## What you are asked to do:
An exact copy of each line below is needed, with no images in it.

## Material provided:
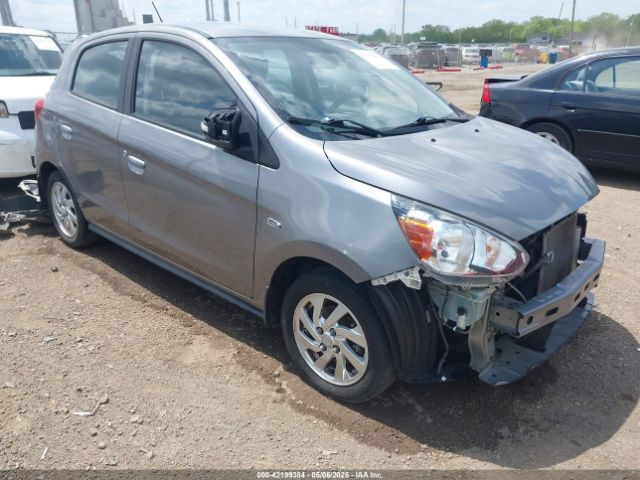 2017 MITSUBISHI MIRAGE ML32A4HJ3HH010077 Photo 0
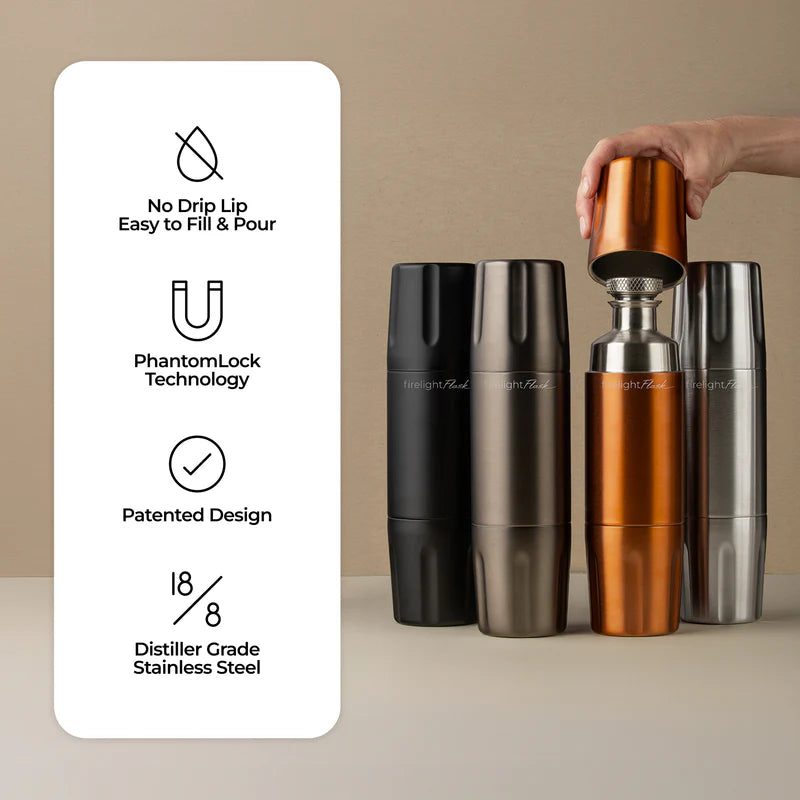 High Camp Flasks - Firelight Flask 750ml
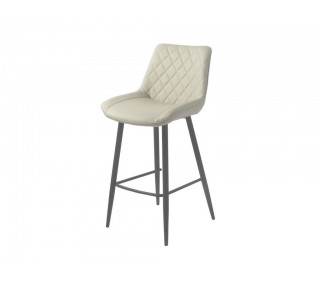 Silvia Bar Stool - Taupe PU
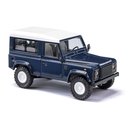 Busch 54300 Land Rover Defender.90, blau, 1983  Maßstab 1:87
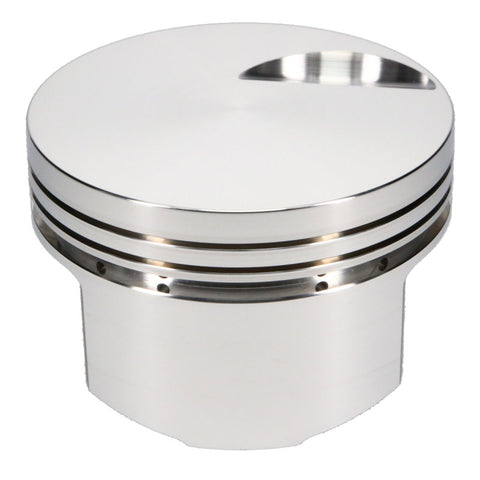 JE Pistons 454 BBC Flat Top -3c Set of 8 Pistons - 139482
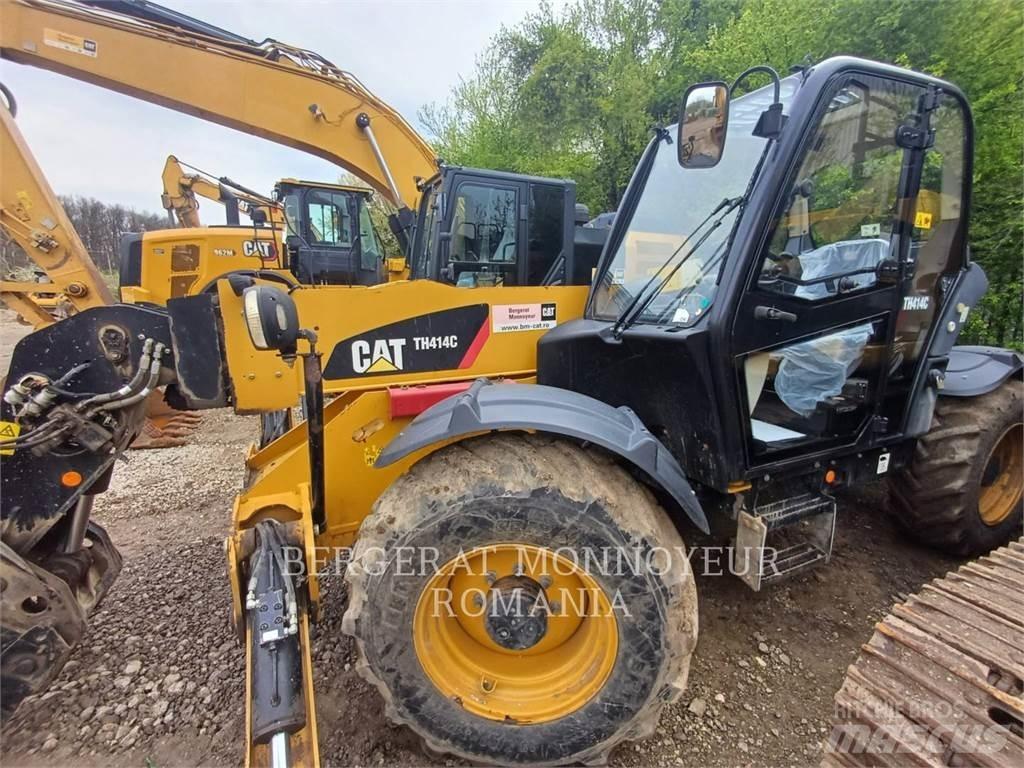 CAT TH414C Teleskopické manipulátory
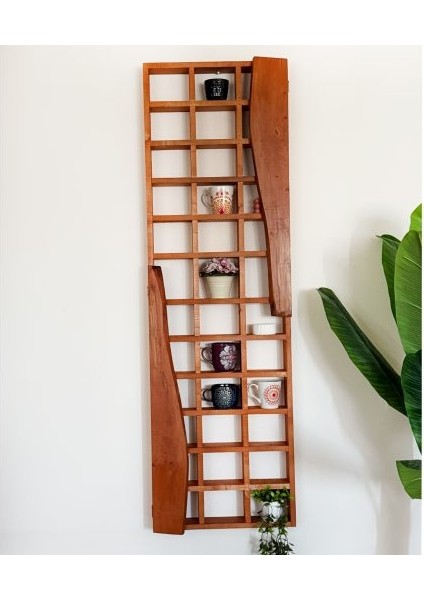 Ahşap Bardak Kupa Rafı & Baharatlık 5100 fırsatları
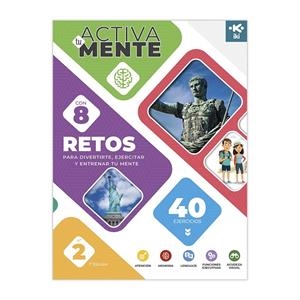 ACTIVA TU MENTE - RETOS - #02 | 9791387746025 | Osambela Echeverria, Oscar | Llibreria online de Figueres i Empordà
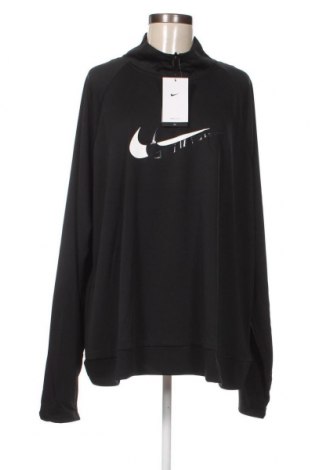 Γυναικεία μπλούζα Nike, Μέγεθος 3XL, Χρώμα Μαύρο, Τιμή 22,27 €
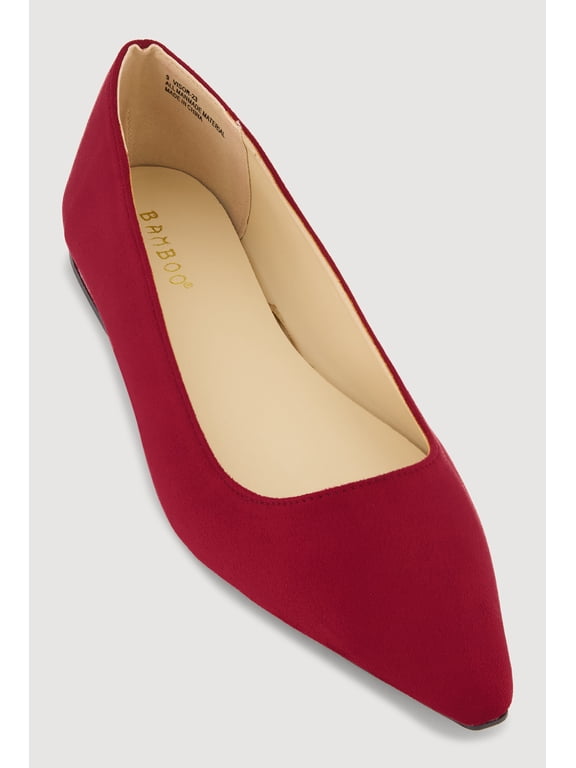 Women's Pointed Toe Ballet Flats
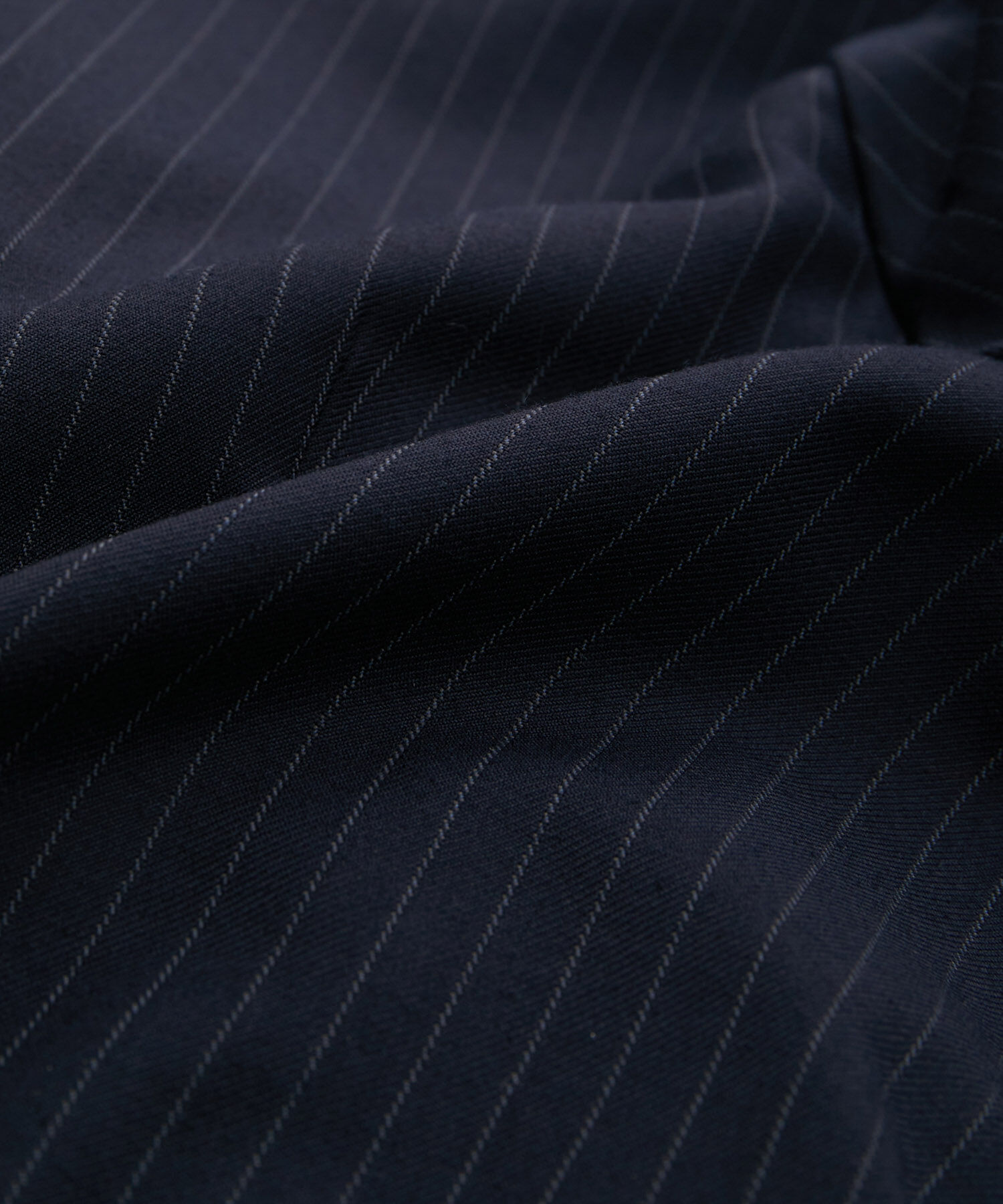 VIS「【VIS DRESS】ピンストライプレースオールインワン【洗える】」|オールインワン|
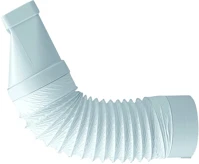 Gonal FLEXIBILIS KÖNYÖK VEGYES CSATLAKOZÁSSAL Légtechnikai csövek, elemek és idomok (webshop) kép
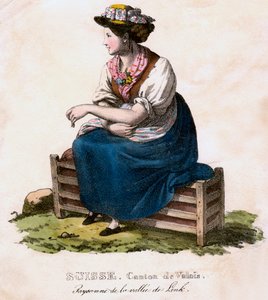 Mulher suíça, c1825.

## Response box:
 2017 MITSUBISHI MIRAGE ML32A4HJ3HH010077 Photo 0
 High Camp Flasks - Firelight Flask 750ml
 Silvia Bar Stool - Taupe PU
 Busch 54300 Land Rover Defender.90, blau, 1983  Maßstab 1:87
 JE Pistons 454 BBC Flat Top -3c Set of 8 Pistons - 139482
 CAT TH414C Teleskopické manipulátory
 Ahşap Bardak Kupa Rafı & Baharatlık 5100 fırsatları
 ACTIVA TU MENTE - RETOS - #02 | 9791387746025 | Osambela Echeverria, Oscar | Llibreria online de Figueres i Empordà
 Γυναικεία μπλούζα Nike, Μέγεθος 3XL, Χρώμα Μαύρο, Τιμή 22,27 €
 Women's Pointed Toe Ballet Flats
 VIS「【VIS DRESS】ピンストライプレースオールインワン【洗える】」|オールインワン|
 Gonal FLEXIBILIS KÖNYÖK VEGYES CSATLAKOZÁSSAL Légtechnikai csövek, elemek és idomok (webshop) kép
 Mulher suíça, c1825.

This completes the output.